PROBLEM: A word-for-word copy of the records below is needed, without the images.

[Stored data entries]
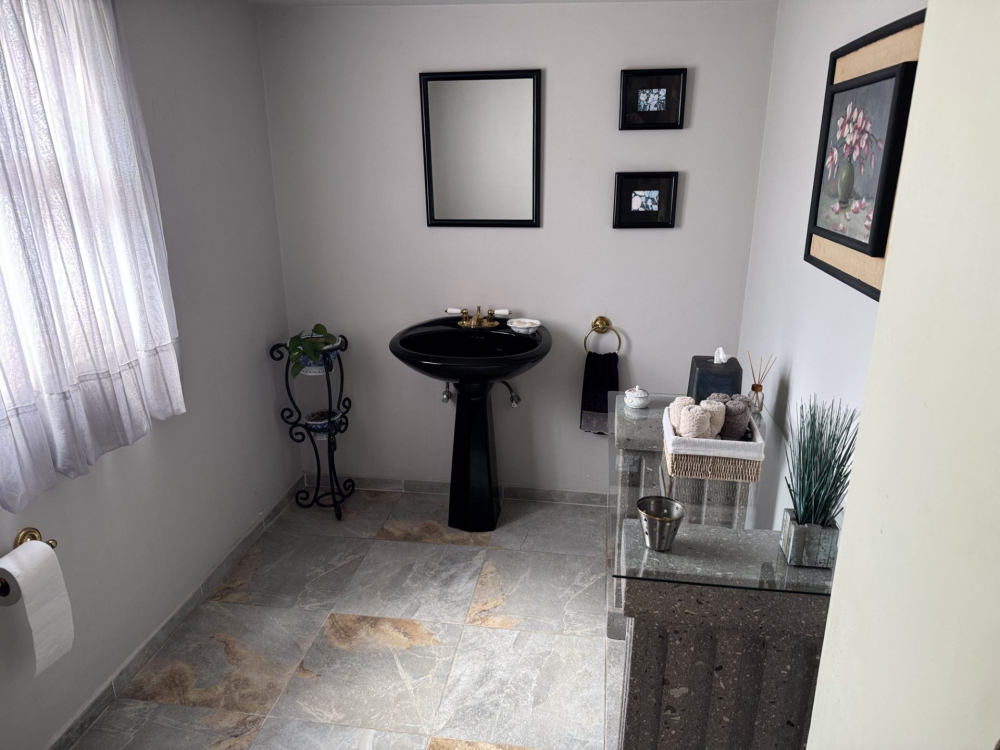excelente casa en venta para actualizar,  con opción a poner cada recámara con baño lomas  verdes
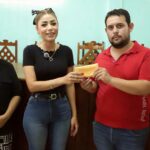 Sandra Garibay cumple compromiso y entrega apoyo económico a comerciantes del mercado López Rayón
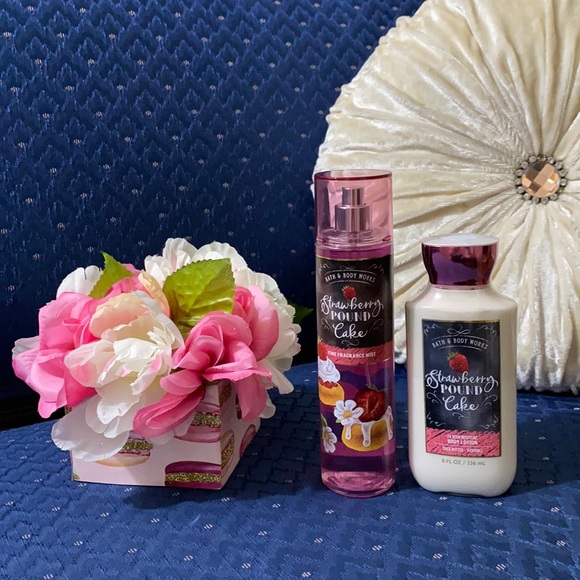 Bath & Body Works Other - BATH & BODY WORKS SET. . STRAWBERRY POUND CAKE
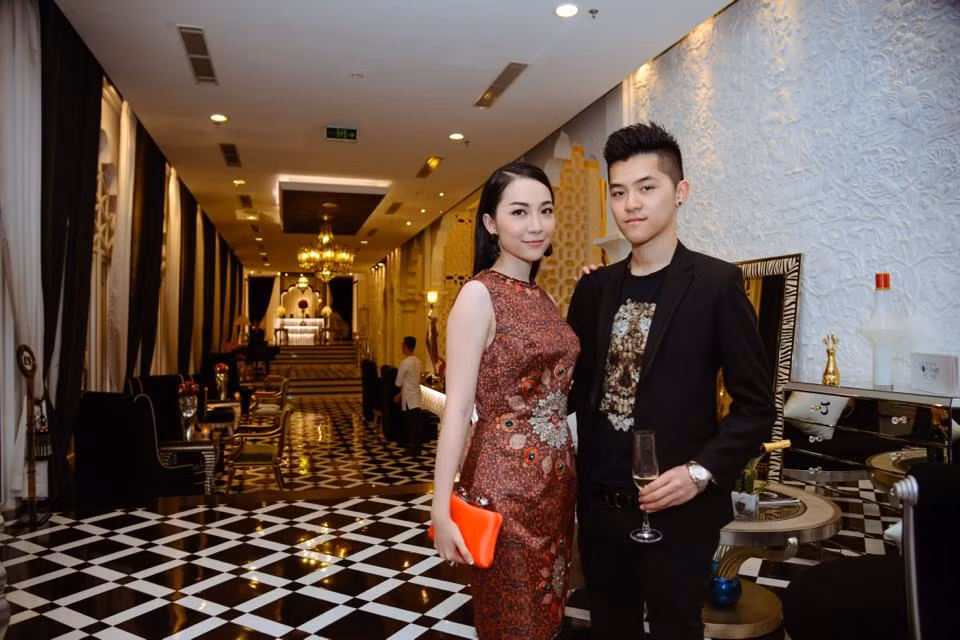 Em trai Linh Nga tên thật Đặng Hùng Minh sinh năm 1995 sở hữu vẻ điển trai lãng tử. Tối qua, Linh Nga được em trai tháp tùng tham gia một sự kiện.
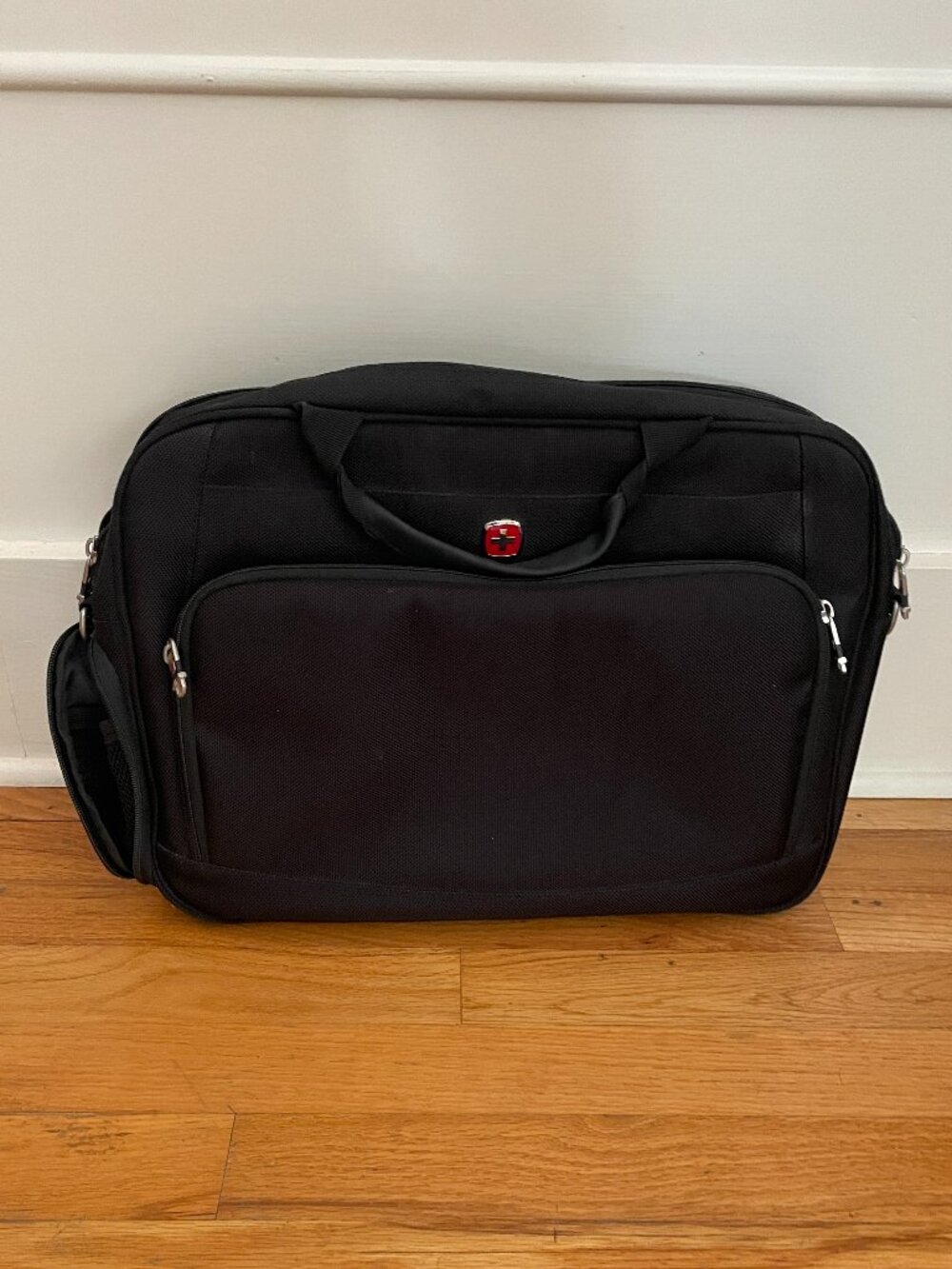 Black Swissgear Wenger Laptop Computer Bag Briefcase Messenger Case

YOUR RESPONSE:
excelente casa en venta para actualizar,  con opción a poner cada recámara con baño lomas  verdes
 Sandra Garibay cumple compromiso y entrega apoyo económico a comerciantes del mercado López Rayón
 Bath & Body Works Other - BATH & BODY WORKS SET. . STRAWBERRY POUND CAKE
 Em trai Linh Nga tên thật Đặng Hùng Minh sinh năm 1995 sở hữu vẻ điển trai lãng tử. Tối qua, Linh Nga được em trai tháp tùng tham gia một sự kiện.
 Black Swissgear Wenger Laptop Computer Bag Briefcase Messenger Case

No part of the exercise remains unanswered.